Let's see a regression line $\mathbf{\mathbf{x}_{0}+}a\mathbf{e}$ (where $\left\Vert \mathbf{e}\right\Vert =1$ ) on the sample $\mathbf{x}_{n}$.
Objective function $f$ to minimize is : \begin{equation} f(\mathbf{x}_{0},\mathbf{e},a_{0},...a_{N})=\sum_{n}^{N}\left\Vert \mathbf{x}_{n}-(\mathbf{x}_{0}+a_{n}\mathbf{e})\right\Vert ^{2} \end{equation} where $\mathbf{x}_{0}+a_{n}\mathbf{e}$ is the closed point to $\mathbf{x}_{n}$ on the regression line.
This sum of squared errors (SSE) is just one among several candidates of cost functions. L1 norm or other norms can be the cost function. If a specific cost function of error is given, we must use it instead of SSE. The reason why most standard methods use it is easy to handle the formula. SSE is differentiable, so we can analyze its parameters in closed-form expressions. (c.f.

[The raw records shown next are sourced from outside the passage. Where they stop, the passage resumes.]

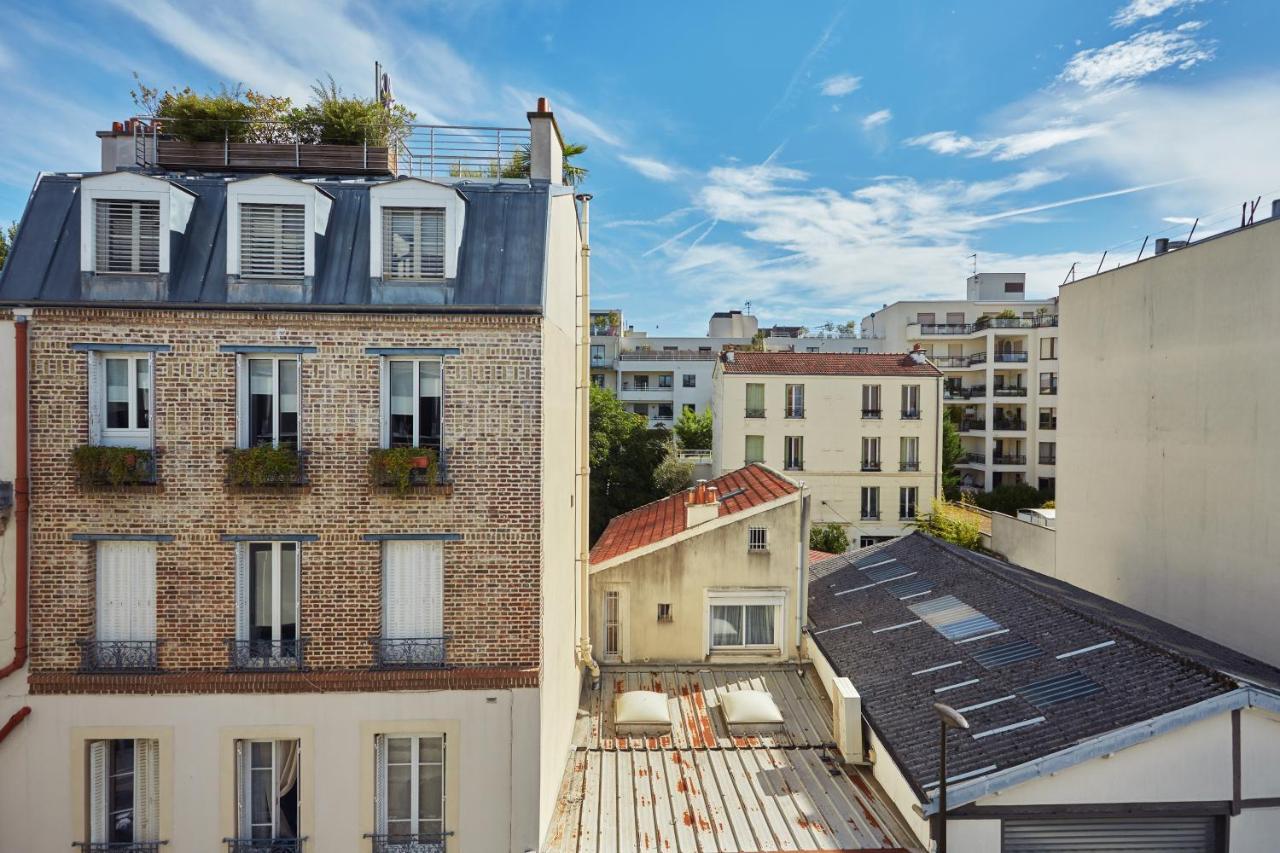 Residence Boulogne Centre Le Passage By Studio Prestige Esterno foto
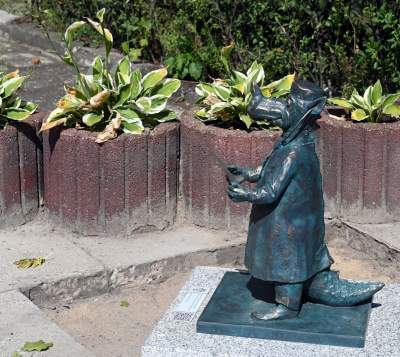 Ależ fajne są te nowe smoki w Krakowie, który najfajniejszy? - zdjęcie 10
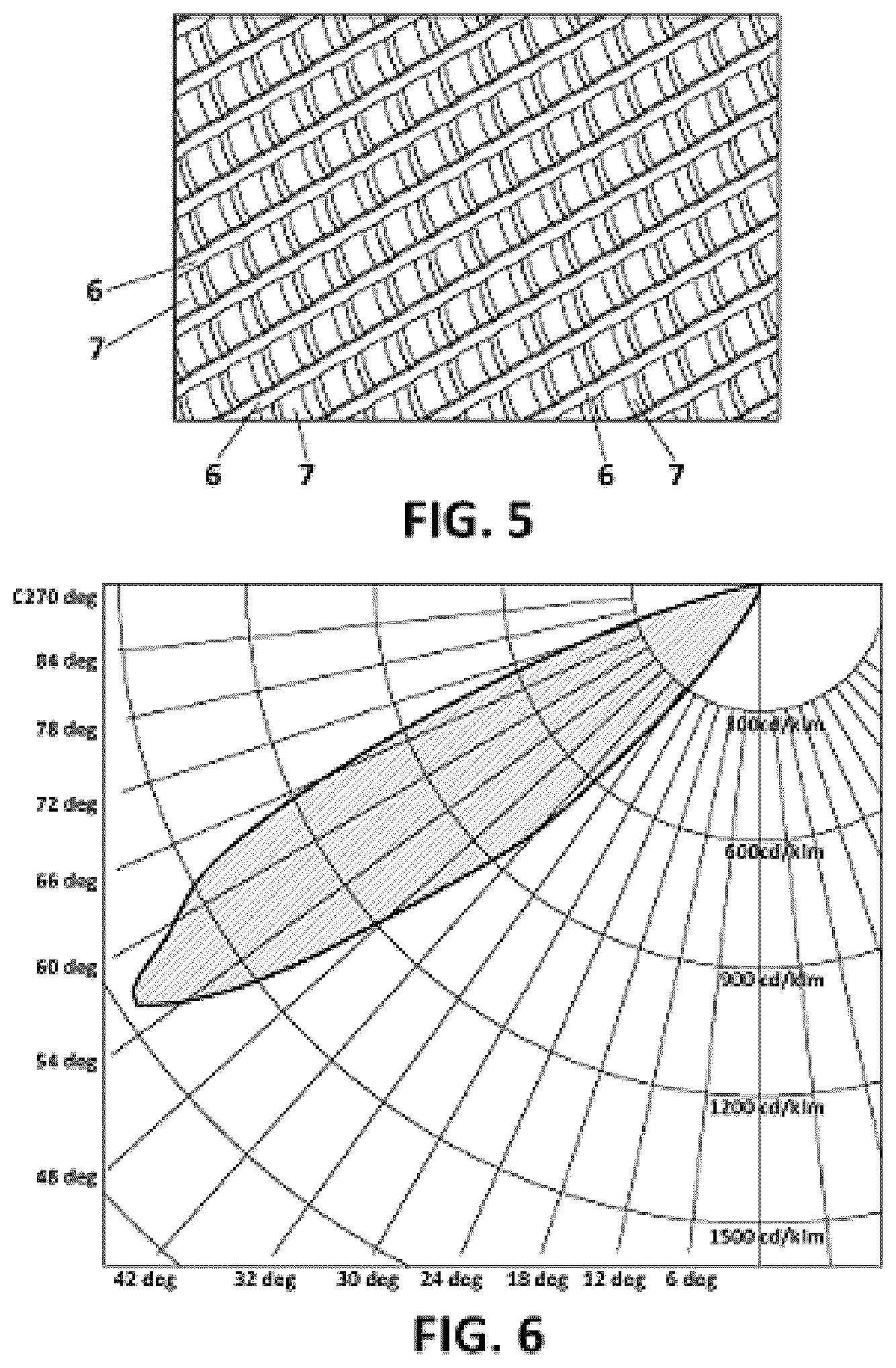 Patent US11841125 Figure 3 – Optical device and desk lamp comprising said optical device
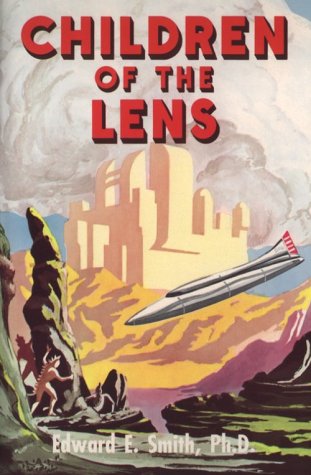 Cover of Children of the Lens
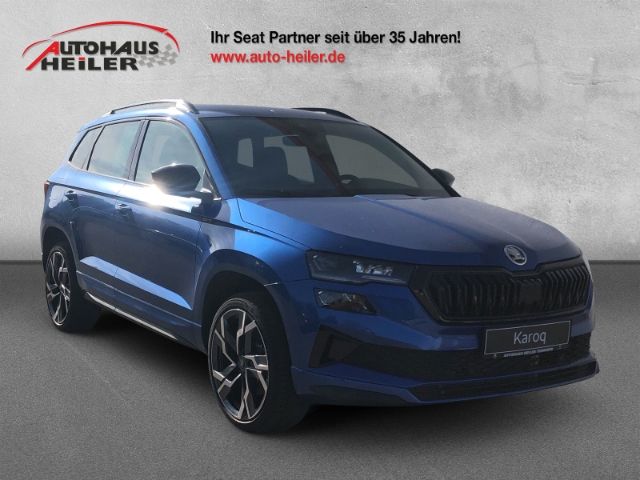 Skoda Karoq 2025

In logistics regression we should do numerical analysis.)
I will check the relationship between the regression line and $\mu$, mean of $\mathbf{x}_{n}$.
At first, calculate the derivative of $a_{n}$in terms of $\mathbf{x}_{0},\mathbf{x}_{n},\mathbf{e}$. \begin{equation} f(\mathbf{x}_{0},\mathbf{e},a_{0},...a_{N})=\sum_{n}^{N}\left\Vert a_{n}\mathbf{e}+\mathbf{\mathbf{x}}_{0}-\mathbf{x}_{n}\right\Vert ^{2} \end{equation} \begin{eqnarray*} \frac{\partial f}{\partial a_{n}} & = & \frac{\partial\left(\sum_{n}^{N}\left\Vert a_{n}\mathbf{e}+\mathbf{\mathbf{x}}_{0}-\mathbf{x}_{n}\right\Vert ^{2}\right)}{\partial a_{n}}=\frac{\partial\left(\left\Vert a_{n}\mathbf{e}+\mathbf{\mathbf{x}}_{0}-\mathbf{x}_{n}\right\Vert ^{2}\right)}{\partial a_{n}}\\ & = & \frac{\partial\left(a_{n}^{2}\left\Vert \mathbf{e}\right\Vert ^{2}+2a_{n}\mathbf{e}^{T}(\mathbf{\mathbf{x}}_{0}-\mathbf{x}_{n})+\left\Vert \mathbf{\mathbf{x}}_{0}-\mathbf{x}_{n}\right\Vert ^{2}\right)}{\partial a_{n}}\\ & = & 2a_{n}+2\mathbf{e}^{T}(\mathbf{\mathbf{x}}_{0}-\mathbf{x}_{n}) \end{eqnarray*} We can get$\underset{a_{n}}{\arg\min}(f)$ by ${\displaystyle \frac{\partial f}{\partial a_{n}}=0}$. \begin{equation} a_{n}=\mathbf{e}^{T}(\mathbf{\mathbf{x}}_{n}-\mathbf{x}_{0}) \end{equation}
This means that projection of $(\mathbf{\mathbf{x}}_{n}-\mathbf{x}_{0})$ on $\mathbf{e}$. Actually, most books skip this proof since it is basic linear algebra.
Now analyze $f$ with respect to $\mathbf{x}_{0}$.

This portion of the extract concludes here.